Insuffisances techniques et manque de savoir-faire
L’autre obstacle de taille à l’application du Plan de sauvegarde qui devait être entamée dès 2012 réside dans l’absence d’architectes restaurateurs et d’experts en monuments historiques, deux spécialités que n’assurent ni l’université ni les centres de formation professionnelle. Les palais de la basse Casbah, déjà restaurés, témoignent, s’il en est, des "insuffisances techniques et du manque de savoir-faire dans ce
domaine", relèvent des historiens et des archéologues.
Restaurés, il y a moins de dix ans, ces palais, transformés en sièges d’administration pour certains, présentent déjà des signes de fragilité apparents, sans parler de l’esthétique ou des finitions, pas toujours réussies. Plus ambitieux, d’autres travaux, délicats, sur les infrastructures comme la voirie, le système d’assainissement ou l’alimentation en eau potable et en énergie, sont encore au stade de l’étude. Prévus par le Plan de sauvegarde, ils relèvent presque de l’impossible pour les habitants de La Casbah d’Alger, échaudés qu’ils sont par les expériences passées, dont aucune n’a pu, pour l’heure, sauver leur cité d’un déclin inexorable.
Restaurés, mais inaccessibles aux visiteurs
Devant l’état de délabrement de la vieille médina, de nombreux observateurs s’interrogent sur l’objectif de
restaurer ces palais, comptant parmi les rares espaces accessibles de La Casbah d’Alger, pour ensuite en faire des locaux administratifs et priver du coup leur accès aux visiteurs et touristes. Extrêmement prisée par les visiteurs, la Citadelle ou Dar Essoltane, comme aiment à l’appeler les Algérois.
Fortification à l’origine, avant de servir de demeure aux deux derniers deys d’Alger, elle n’est plus, aujourd’hui, qu’un immense chantier où les travaux s’éternisent.
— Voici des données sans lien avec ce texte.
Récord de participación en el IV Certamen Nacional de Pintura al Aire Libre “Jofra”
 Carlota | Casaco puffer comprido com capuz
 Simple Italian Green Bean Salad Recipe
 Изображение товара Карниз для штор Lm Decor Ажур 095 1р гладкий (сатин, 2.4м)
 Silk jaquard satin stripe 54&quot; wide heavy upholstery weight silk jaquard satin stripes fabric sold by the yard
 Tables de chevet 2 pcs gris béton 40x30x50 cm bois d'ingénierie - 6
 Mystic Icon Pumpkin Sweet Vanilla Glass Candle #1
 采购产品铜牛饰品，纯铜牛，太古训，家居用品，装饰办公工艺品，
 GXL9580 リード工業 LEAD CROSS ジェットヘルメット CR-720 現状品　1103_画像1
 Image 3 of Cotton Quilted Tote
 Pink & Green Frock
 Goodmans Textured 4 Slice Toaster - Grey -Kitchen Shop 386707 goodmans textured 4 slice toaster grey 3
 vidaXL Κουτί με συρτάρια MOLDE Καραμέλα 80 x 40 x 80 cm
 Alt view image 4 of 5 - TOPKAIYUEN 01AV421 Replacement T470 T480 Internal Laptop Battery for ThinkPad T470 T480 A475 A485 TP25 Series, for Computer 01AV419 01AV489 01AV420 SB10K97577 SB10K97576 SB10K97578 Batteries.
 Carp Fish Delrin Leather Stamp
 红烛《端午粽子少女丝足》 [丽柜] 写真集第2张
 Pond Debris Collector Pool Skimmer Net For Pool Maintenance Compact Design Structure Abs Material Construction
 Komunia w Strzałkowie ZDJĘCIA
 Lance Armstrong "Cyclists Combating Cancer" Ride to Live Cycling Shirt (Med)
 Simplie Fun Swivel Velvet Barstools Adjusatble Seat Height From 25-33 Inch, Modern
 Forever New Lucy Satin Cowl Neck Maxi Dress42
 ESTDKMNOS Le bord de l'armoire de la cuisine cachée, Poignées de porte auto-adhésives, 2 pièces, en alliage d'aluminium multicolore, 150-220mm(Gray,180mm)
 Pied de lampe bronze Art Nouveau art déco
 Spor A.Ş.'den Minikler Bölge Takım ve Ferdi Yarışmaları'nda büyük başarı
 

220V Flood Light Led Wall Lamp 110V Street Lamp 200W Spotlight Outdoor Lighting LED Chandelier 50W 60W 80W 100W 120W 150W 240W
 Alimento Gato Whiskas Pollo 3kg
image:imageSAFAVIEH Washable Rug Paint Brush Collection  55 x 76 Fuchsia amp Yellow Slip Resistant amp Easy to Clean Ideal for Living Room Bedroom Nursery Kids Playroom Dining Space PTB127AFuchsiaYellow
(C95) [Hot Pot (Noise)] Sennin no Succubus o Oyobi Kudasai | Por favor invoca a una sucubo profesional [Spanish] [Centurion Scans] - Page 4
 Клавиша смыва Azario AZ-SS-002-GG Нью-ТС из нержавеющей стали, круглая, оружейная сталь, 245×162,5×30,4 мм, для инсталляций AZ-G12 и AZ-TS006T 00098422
Malgré une enveloppe globale de 220 millions de dinars et des travaux entamés en 1990 pour le restaurer, ce site - construit à l’époque des frères Barberousse - se trouve, actuellement, dans un état de "dégradation encore plus avancé".
Dominant la baie d’Alger et sa Casbah, théâtre, en 1827, du fameux "coup de l’éventail", incident qui devait précipiter l’invasion française de l’Algérie, la Citadelle peine à rester debout, au grand dam des amoureux de La Casbah, qui doivent encore attendre la fin 2015, date annoncée de la livraison d’une partie du site.